Dia desses, um menino, rejeitado pela família por ser gay, me disse que
pensou até em desistir desta vida, mas que ao ouvir minhas músicas decidiu
ficar.
Dá vontade de pegar todos no colo e cantar baixinho no ouvido deles:
“Você não está só, é só um nó que precisa ser desfeito”. A gente, quando
muito jovem, tem um pé no “eu contra o mundo”. Quando eu era “uma
adolescente contra o mundo”, desenhei numa cartolina uma ilha deserta
rodeada por tubarões e escrevia nela o nome das personas non gratas que eu
mandaria pra lá. Assim, eu desopilava o fígado do ódio. Do outro lado da
cartolina, desenhei uma ilha paradisíaca onde eu gostaria de ficar com gente
bacana. A ilha do ódio tinha professores, alguns vizinhos, parentes chatos,
colegas falsianes, Natalie Wood e quem mais eu fosse odiando. Na ilha do
amor era só James Dean e eu.
Mas sinto que é mais complicado ser jovem hoje, já que nunca tivemos
essa superpopulação no planeta: haja competitividade, culto à beleza, ter
filho ou não, estudar, ralar para arranjar trabalho, ser mal remunerado, ser
bombardeado com trocentas informações, lavagens cerebrais…
Queria dar beijinhos e carinhos sem ter fim nessa moçada e dizer a ela
que a barra é pesada mesmo, mas que a juventude está a seu favor e, de
repente, a maré de tempestade muda, fazendo o barquinho seguir até sua
ilha deserta e ensolarada de amor.
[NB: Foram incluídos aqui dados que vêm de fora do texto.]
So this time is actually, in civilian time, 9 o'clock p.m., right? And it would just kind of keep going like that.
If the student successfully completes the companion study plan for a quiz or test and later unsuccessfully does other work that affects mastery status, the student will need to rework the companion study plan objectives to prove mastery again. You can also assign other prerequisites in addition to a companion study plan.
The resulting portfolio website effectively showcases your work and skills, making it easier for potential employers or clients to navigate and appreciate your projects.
Diria também para não planejarem nada
a tão longo prazo, que a frustração pode assombrar; o que não significa não
ter sonhos, apenas que eles não caem do céu.
Diria também um monte de clichê: que vale a pena estudar mais,
pesquisar mais, ler mais. Diria que não é sinal de saúde estar bem-adaptado
a uma sociedade doente, que o que é normal para uma aranha é o caos para
uma mosca, que uma coroa não é nada além de um chapéu que deixa entrar
água, que todo dia o mundo se afoga no caos e vai ser difícil achar um lugar
para observar o fim dos tempos de camarote.
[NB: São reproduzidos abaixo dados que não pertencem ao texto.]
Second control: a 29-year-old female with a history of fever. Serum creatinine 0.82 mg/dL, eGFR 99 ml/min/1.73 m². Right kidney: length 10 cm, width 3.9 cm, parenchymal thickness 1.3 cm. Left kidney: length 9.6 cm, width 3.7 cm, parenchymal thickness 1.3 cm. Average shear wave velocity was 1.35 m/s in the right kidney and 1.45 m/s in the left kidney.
Meninada, sintam-se beijados pela vovó Rita.
O menininho
Fico perambulando pela casa vendo as traquinadas e os bichos como se
fosse a última vez. Presto mais atenção nos detalhes que antes passavam
despercebidos.
Chega a gangue dos saguis para uma rodada de banana, e é quando Saci,
o terror dos sete mares, trepa na árvore crente de que vai assustá-los, mas
quem sai perdendo é ele: os macaquinhos formam um front intransponível
com gritos e mordidas no rabo de Saci, que humilhantemente pula da árvore
dizendo “eu não estava mesmo a fim de brincar com eles”.
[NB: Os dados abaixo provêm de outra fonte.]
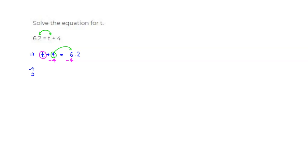All right, so you can see that here, positive 4 and negative 4 cancel out, and you are left with what we want. So t is left over on the left-hand side.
Ao contrário de Sophia, que era minha gata negra deusa guardiã Bastet,
uma vira-lata real, Saci tem o dna do gato malandro nascido em terreno
baldio que logo se desloca da família para seguir sua curiosidade, e nessas
veio parar aqui em casa.
Saci é um gato palhaço. Quando não tem nada com que brincar corre
atrás do próprio rabo até que alguma coisa mais importante chama sua
atenção: uma borboleta.
Ataque de desespero foi quando chegamos do hospital e vimos o
corpinho esticado de Saci, sem machucado nem vestígios de briga,
como se estivesse dormindo gostoso. Morreu de picada de cobra, foi pá
pum. Gato adolescente, no auge da vida, com tanto tesão. Lá se foi meu
menininho. E eu continuava viva.
O desequilíbrio
Meu dia não segue uma rotina, apesar de tomar remédio com horário
marcado. Como já disse, tenho acordado às quatro da manhã e me dá
vontade de pular da cama no ato, como sempre fiz. Mas agora me falta
equilíbrio nas pernas de graveto. Depois do terceiro ciclo da quimio, tenho
que andar bem mais devagar, fazer tudo em câmera lenta, então o lance é ter
foco em cada gesto. Além da marcação cerrada de alguém da família, tenho
que me concentrar nos pés, nas pernas e na coluna. Outro dia fui escrever
uma letra que estava na cabeça e peguei um bloquinho e um lápis. Esqueci
como era escrever à mão, e o lance foi escrever no meu velho Ipad.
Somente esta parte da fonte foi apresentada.